Gold (XAU/USD) extended its rally, pushing toward the $3,600 handle after disappointing US Nonfarm Payrolls reinforced expectations of imminent Fed rate cuts. The softer labor market data weighed heavily on the US Dollar, fueling safe-haven demand for bullion. Despite some resistance at higher levels, gold’s momentum remains underpinned by falling Treasury yields and a dovish shift in market sentiment, which continue to attract buyers on dips.
Geopolitical Risks: Ongoing global growth uncertainties support safe-haven demand.
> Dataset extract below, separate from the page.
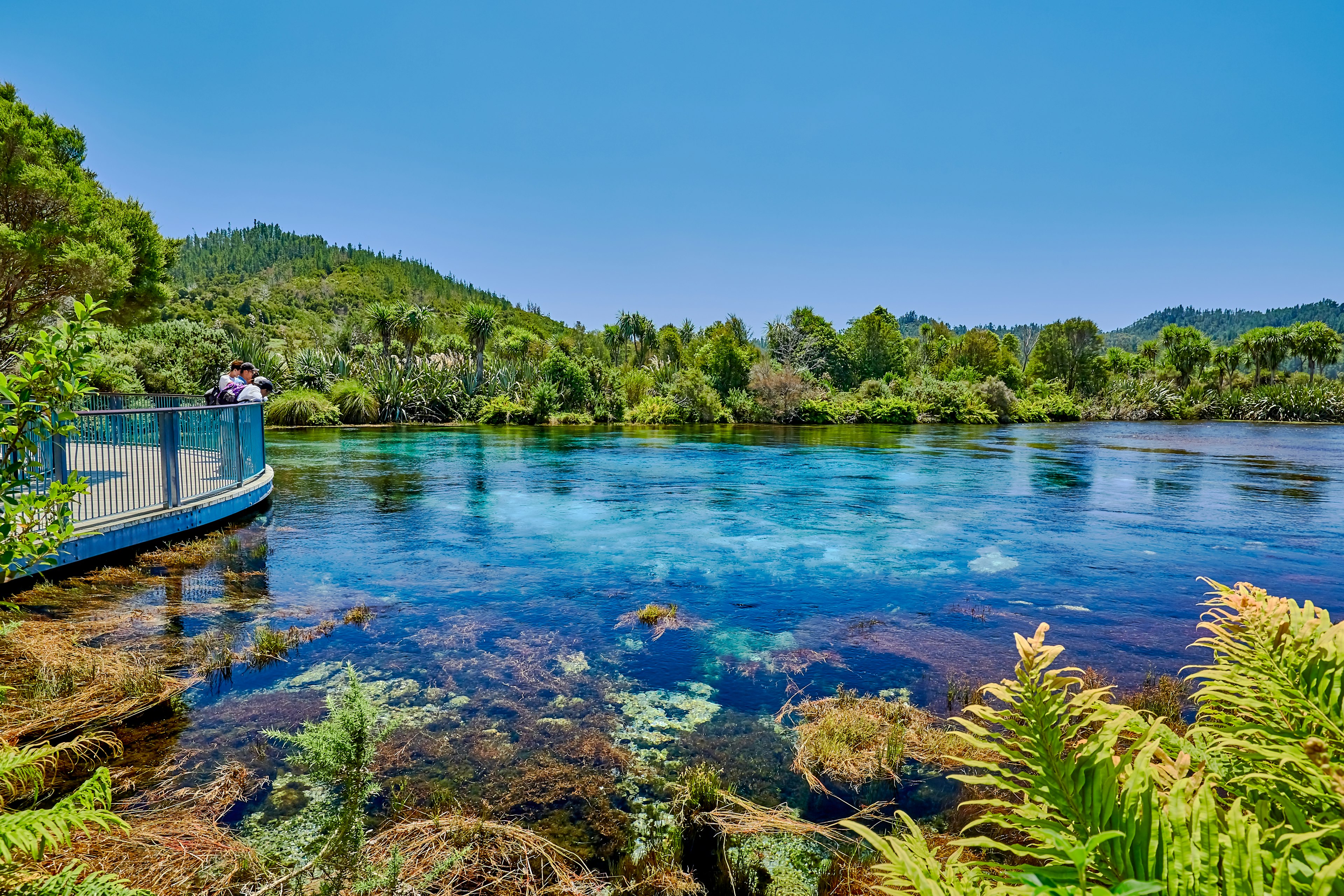 Tourists stand by the edge of the crystal clear waters of Te Waikoropupu Spring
US Economic Data: Weak labor data weighs on USD, lifting gold.
FOMC Outcome: Elevated odds of a September cut keep bullion supported.
Trade Policy: No fresh shifts; US–China dynamics remain a background risk.
Monetary Policy: A more dovish Fed path underpins precious metals.
Trend: Strong bullish momentum.
Resistance: $3,600 → $3,650.
Support: $3,550 → $3,500.
Forecast: A daily close above $3,600 opens $3,650; failure to clear may see consolidation toward $3,550.
Market Sentiment: Bullish; dips finding willing buyers.
Catalysts: Fed speakers, US CPI/PPI, and real-yield moves.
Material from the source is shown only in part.